The annual Victoria’s Secret runway show aired Tuesday night, and it was the typical procession of lingerie’d models, impossibly tall and lean, marching like pegasus-gazelles, emboldened by gold-encrusted wings. Fly, fly away, beautiful models. Be free.

Taylor Swift performed, as did Ariana Grande; Ed Sheeran and Hozier were the token boys, sensitive and perhaps a little frightened in the context. Though Swift is best friends with every top-tier model and high-fived many of them homoerotically through her set, it was Grande who seemed the most comfortable among the models and, perhaps, with displays of sexuality overall.

But in my mind, what CBS viewers saw was only half the story. Watching all of these gorgeously tanned, perfectly taut humans waltz down the runway in their underwear as though it were the most natural, happy thing on earth—these humans who, in Western culture, are essentially lifted up as the ideal of ideals—I tried to imagine the grossest, gauchest thing they would ever do, the thing that makes them just like everyone else. Just like me, in fact, sitting there in sweatpants, a grey lump on my couch. What would make these women at all similar to all the super-cool but comparatively regular-ass women that I know? Shitting was the obvious choice but, not one to be entertained by scatological humor (everyone makes caca!), I went for the most verboten of indulgences.

I imagined that, backstage, the models were squirreling away candy. Hoarding little bits of crunchy toffee and suckers until every last bit was hidden. Shoveling the likes of Bassetts Allsorts and Maynard’s Wine Gums into their faces at every chance, rushing backstage as soon as they retreated from the runway to just have one more taste. The smile, kiss, or wink each model gave at the end of the runway was on paper meant to convey personality and titillate viewers. But to the models, it was the halfway mark: halfway before they were back in the dressing rooms, where they could eat candy once more while changing into their next looks.

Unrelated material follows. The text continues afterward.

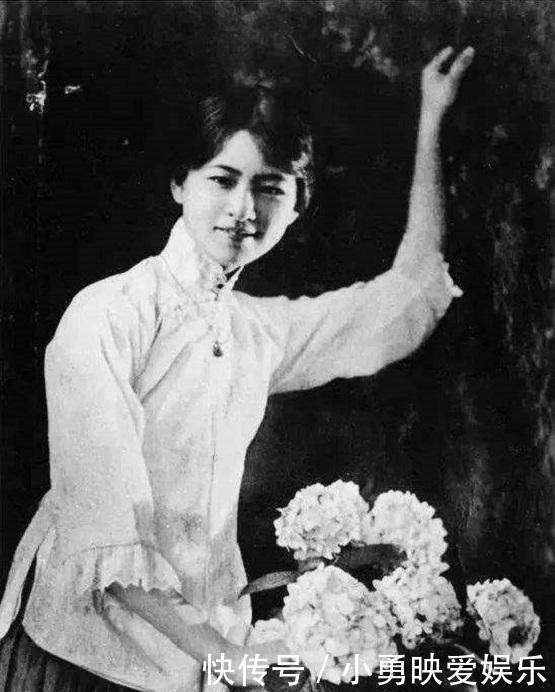 国人|林徽因写信给飞行员弟弟林恒,信中字语扎心,国人已忘你为谁而死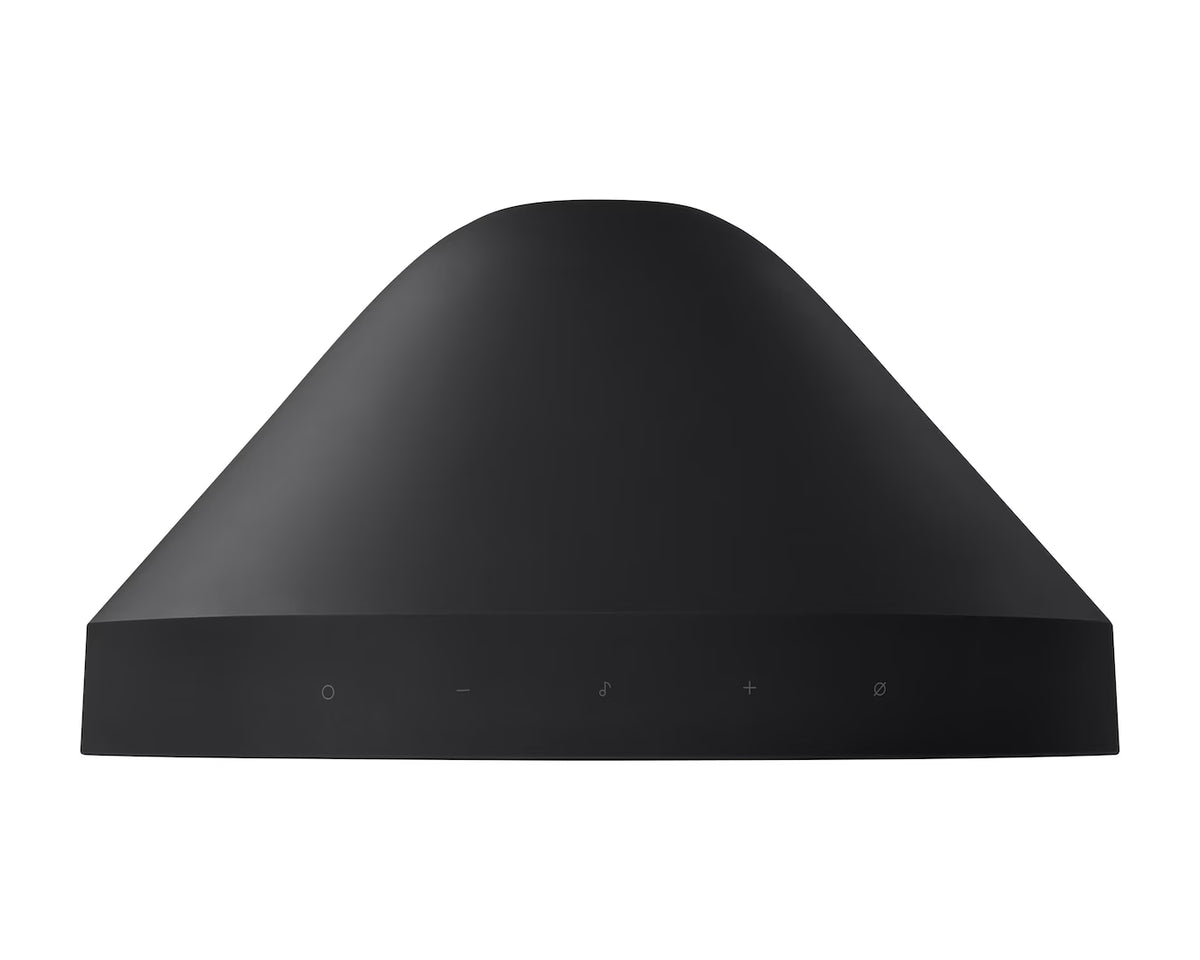 Samsung Music Studio 5 Bluetooth Wireless Speaker - Black | HW-LS50H/XU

This is my model-candy fanfic.

Nor the show nor the candy eating began with Behati Prinsloo, but she was certainly one of the vessels through which the candy was made possible. A known candy aficionado and daughter of the legendary Prinsloo clan, South Africa’s first family of confectioners, it was Prinsloo who had the access to the candy, unhindered by meddling managers or personal trainers who desire for her to maintain a certain level of waistline. As a descendent of candy heirs, her metabolism has evolved with the food her ancestors ate, making all levels of candy edible to her. Because it is known that she eats candy almost entirely, except for two times a year on Easter and Christmas, none of Victoria’s Secret security stopped her from bringing in bags of sweets—sour tarts, chocolate covered cherries, bars of nougat. Prinsloo was ground zero of the candy hoarding of the Victoria’s Secret 2014 show. Sometimes, back at home, her husband Adam Lambert refers to her as Candy as a term of endearment, though never in mixed company.

The Victoria's Secret Angels: What Candy Are They On?

Jourdan Dunn was one of the first to imbibe the candy, choosing a few packages of Haribo from Behati’s pile, dipping beneath the makeup table as Roberto was doing her face and popping a few into her mouth when he reached for a new brush or eyelash curler. She was juiced off that gummy, and before taking the runway for the first time that night, had sent a flurry of text messages to friends and former boyfriends describing to them the immense privilege she felt to be able to walk this hallowed runway, to be bestowed with the glamorous wings that finally transformed her from a mortal being to a transcendent creature walking among men. One of them was a wrong number.

The Victoria's Secret Angels: What Candy Are They On?

Maria Borges is really into halva, which was great for her because it was the least popular candy among the Angels. (Behati didn’t even mean to bring it; it was wedged at the bottom of a plastic baggie between a movie theater-size package of Red Hots and some applicator-free tampons.) She finds halva to be soothing while simultaneously giving her the slight sugar rush she so craves. Shy for a model, halva loosens her up in a way that, to her, seems preternatural. She does not even enjoy the music of Taylor Swift, but that night, she seemed to know all the words, lip-syncing as she took the catwalk—lip-syncing just as surely as the rest of her peers.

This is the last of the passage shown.